Prologue

The shadow of the Cessna flitted over the white-capped waves of Nantucket Sound, swift and elusive as a gull’s wing. Nora could see the shape of the island long before it spread beneath them, dark green and brown in the surrounding blue. She was sitting near the front of the Cape Air plane, which was the size of a minivan. Its passengers were usually distributed among its nine seats by weight, but on this sunny May morning there were only three people flying to Nantucket. The pilot told them they could sit where they liked. Nora chose the starboard wing. She was hoping to glimpse the house’s gray-shingled eaves as they flew over the harbor.

There was the jetty, trailing out into the Sound like a pinball flipper. There, far below, was the car ferry from Hyannis steaming into its wharf. No sails braved the stiff wind that raked the sea today, and the moorings in the basin were deserted. Summer People and their yachts had yet to arrive. But the steeples of the old churches on Centre and Orange Streets still pierced the horizon in a way she remembered.

When she craned to study the roofs above Steps Beach, however, Nora was suddenly disoriented. There were so many houses, now, where once there had been only a few. Raw scars in the bluff and naked wood frames showed that more were rising. Huge houses with swimming pools—swimming pools, on Nantucket!—stretched out behind them. Compounds with guest cottages and caretaker quarters above expansive garages. What did people do with so much space? Although Step Above, the house where she’d spent each summer as a child, was hardly small . . .

The plane dipped and bucked as the pilot descended. The harbor fell away behind. Nora gripped the seat, her stomach lurching into her throat as the ground came up to meet them. No matter how many bush planes or choppers she caught, in hellholes or paradises around the world, this was what she remembered each time she landed: a runway bracketed by beach plum and sand.

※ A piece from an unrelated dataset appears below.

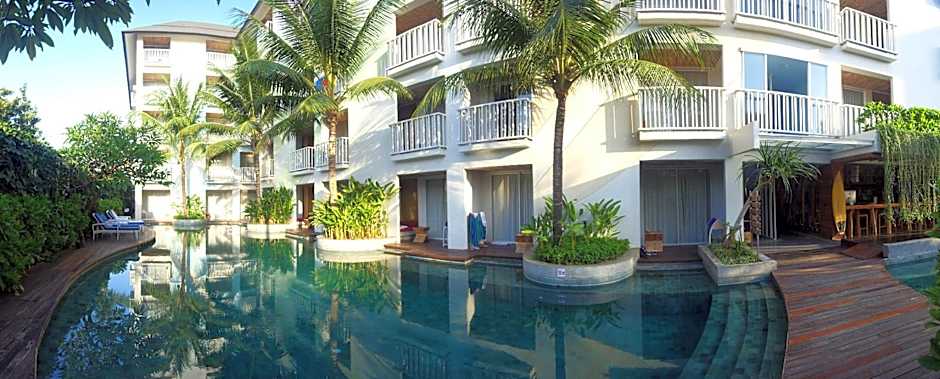 Bliss Surfer Legian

“You in for the Wine Festival?” her taxi driver asked.

“The what?”

“Wine Festival. Whole world’s coming in this weekend. It’s the summer kickoff.”

“Not Memorial Day?”

“Too obvious.” His eyes met hers in the rearview mirror. An embroidered flourish on his polo shirt read Kevin. This was Kevin’s Island Taxi, so apparently she’d scored the owner himself. A tribute to Tuesday mornings, off-season.

“The Chamber of Commerce likes to make up reasons to celebrate,” he explained.

“Like Daffodil Weekend. Or Christmas Stroll,” Nora said.

“And the Book Festival, the Dance Festival, the Film Festival.” Kevin shrugged. “Now it’s wine. I’m waiting for them to organize Oktoberfest, myself, but knowing the Chamber it’ll probably be Craft Brews, and I can’t get behind that. Why pay six bucks a bottle when you like your beer on tap?”

The taxi bucketed over Main Street’s cobblestones. Nora glanced swiftly right and left, taking it all in. Scaffolding surrounded the aged brick of the Pacific Club at the foot of the street, and Ralph Lauren had taken over the space that used to belong to Nantucket Looms, but the compass rose painted on the side of the building still showed the nautical miles to Pitcairn Island—14,300. Crazy Quinn’s ice cream store was gone, she realized, as they lurched across the cobblestones to Water Street. How long had she been away?

“Lincoln Circle,” Kevin mused as he turned up Cobblestone Hill. “Spence Murphy lives around there. The foreign correspondent. Probably before your time, and he’s getting pretty old, now—but that guy will always be a personal hero to me. Staying behind after we pulled out of Laos. He blew the whole secret war wide open, you know? The FBI had a file on him, he was considered so dangerous.”

“They had files on a lot of people, back then,” Nora replied.

“What’s the address you’re looking for?”

“Thirty-two Lincoln. Place called Step Above.”

Kevin glanced at her again in the rearview mirror. “But that’s Murphy’s place, isn’t it? You know him?”

Nora felt her usual weariness. Here on Nantucket she shouldn’t have to explain. “He’s my dad, actually.”

“Your dad?” Kevin’s eyes widened. He was trying to make sense of it: her delicate frame, jet-black hair, her almond-shaped eyes. She had never looked like a Murphy and never would.

“I’m adopted.”

He almost missed the granite stone marker at the foot of the crushed quahog shell drive. She’d heard the house had been winterized when her parents moved permanently on-island, but the hedges hadn’t been trimmed in years. The sprawling old captain’s house needed re-shingling and the rosa rugosa had run amok next to the garage.

Some things, she thought with a rush of gratitude as she handed Kevin his fare and stepped out of the taxi, never changed at all. Some things you could count on. Some things were safe.

That was why, despite all the heartache and hatred, she had finally decided to come home.

Kevin waved and pulled out of the circular drive. Nora shouldered her backpack. It held all she owned in the world. She lifted her head and took the tricky first step toward the front door.